Aguirre wondered at the moving spectacle of Royal Street; at the continuously renewed variety of its multitude. On the great boulevards of Paris, after sitting in the same café for six days in succession, he knew the majority of those who passed by on the sidewalk. They were always the same. In Gibraltar, without leaving the restricted area of its central street, he experienced surprises every day. The whole country seemed to file by between its two rows of houses. Soon the street was filled with bearskin caps worn by ruddy, green-eyed, flat-nosed persons. It was a Russian invasion. There had just anchored in the harbor a transatlantic liner that was bearing this cargo of human flesh to America. They scattered throughout the place; they crowded the cafés and the shops, and under their invading wave they blotted out the normal population of Gibraltar.

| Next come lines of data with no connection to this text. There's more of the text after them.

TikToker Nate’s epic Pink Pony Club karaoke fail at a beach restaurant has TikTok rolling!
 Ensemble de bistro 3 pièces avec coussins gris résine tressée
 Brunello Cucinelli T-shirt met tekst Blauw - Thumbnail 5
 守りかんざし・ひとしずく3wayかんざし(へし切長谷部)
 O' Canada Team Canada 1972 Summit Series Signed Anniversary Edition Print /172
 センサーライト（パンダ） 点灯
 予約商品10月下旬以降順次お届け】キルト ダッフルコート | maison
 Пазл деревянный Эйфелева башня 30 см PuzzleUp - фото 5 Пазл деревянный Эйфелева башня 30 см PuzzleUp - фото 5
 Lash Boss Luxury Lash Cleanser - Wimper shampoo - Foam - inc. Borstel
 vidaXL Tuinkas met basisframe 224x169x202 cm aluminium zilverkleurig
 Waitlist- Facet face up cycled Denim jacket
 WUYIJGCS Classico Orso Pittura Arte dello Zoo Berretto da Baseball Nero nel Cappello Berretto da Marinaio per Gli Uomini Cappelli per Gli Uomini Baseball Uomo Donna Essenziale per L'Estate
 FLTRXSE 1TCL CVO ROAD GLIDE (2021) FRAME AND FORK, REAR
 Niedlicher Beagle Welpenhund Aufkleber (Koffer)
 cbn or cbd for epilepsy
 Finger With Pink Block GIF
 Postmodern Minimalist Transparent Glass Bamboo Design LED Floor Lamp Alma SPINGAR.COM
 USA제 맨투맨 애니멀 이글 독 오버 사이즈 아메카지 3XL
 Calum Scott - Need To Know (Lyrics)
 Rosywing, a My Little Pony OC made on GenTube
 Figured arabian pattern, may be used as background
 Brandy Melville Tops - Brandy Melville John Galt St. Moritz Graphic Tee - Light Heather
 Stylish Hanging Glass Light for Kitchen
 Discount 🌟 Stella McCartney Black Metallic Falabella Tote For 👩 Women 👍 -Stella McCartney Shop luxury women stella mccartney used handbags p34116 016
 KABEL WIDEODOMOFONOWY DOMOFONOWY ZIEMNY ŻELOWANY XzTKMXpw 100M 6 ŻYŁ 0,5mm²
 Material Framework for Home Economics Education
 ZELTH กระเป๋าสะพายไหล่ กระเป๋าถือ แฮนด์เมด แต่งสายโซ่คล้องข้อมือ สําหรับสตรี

At two o'clock it had resumed its regular aspect and there reappeared the helmets of the police, the sailors' caps, the turbans of the Moors, the Jews and the Christians. The liner was already at sea after having taken on its supply of coal; and thus, in the course of a single day, there succeeded one another the rapid and uproarious invasions of all the races of the continent, in this city that might be called the gateway of Europe, by the inevitable passage through which one part of the world communicates with the Orient and the other with the Occident.
As the sun disappeared, the flash of a discharge gleamed from the top of the mountain, and the boom of the sunset gun warned strangers without a residence permit that it was time to leave the city. The evening patrol paraded through the streets, with its military music of fifes and drums grouped about the beloved national instrument of the English, the bass drum, which was being pounded with both hands by a perspiring athlete, whose rolled-up sleeves revealed powerful biceps. Behind marched Saint Peter, an official with escort, carrying the keys to the city. Gibraltar was now out of communication with the rest of the world; doors and gates were closed. Thrust upon itself it turned to its devotions, finding in religion an excellent pastime to precede supper and sleep. The Jews lighted the lamps of their synagogues and sang to the glory of Jehovah; the Catholics counted their rosaries in the Cathedral; from the Protestant temple, built in the Moorish style as if it were a mosque, rose, like a celestial whispering, the voices of the virgins accompanied by the organ; the Mussulmen gathered in the house of their consul to whine their interminable and monotonous salutation to Allah. In the temperance restaurants, established by Protestant piety for the cure of drunkenness, sober soldiers and sailors, drinking lemonade or tea, broke forth into harmonious hymns to the glory of the Lord of Israel, who in ancient times had guided the Jews through the desert and was now guiding old England over the seas, that she might establish her morality and her merchandise.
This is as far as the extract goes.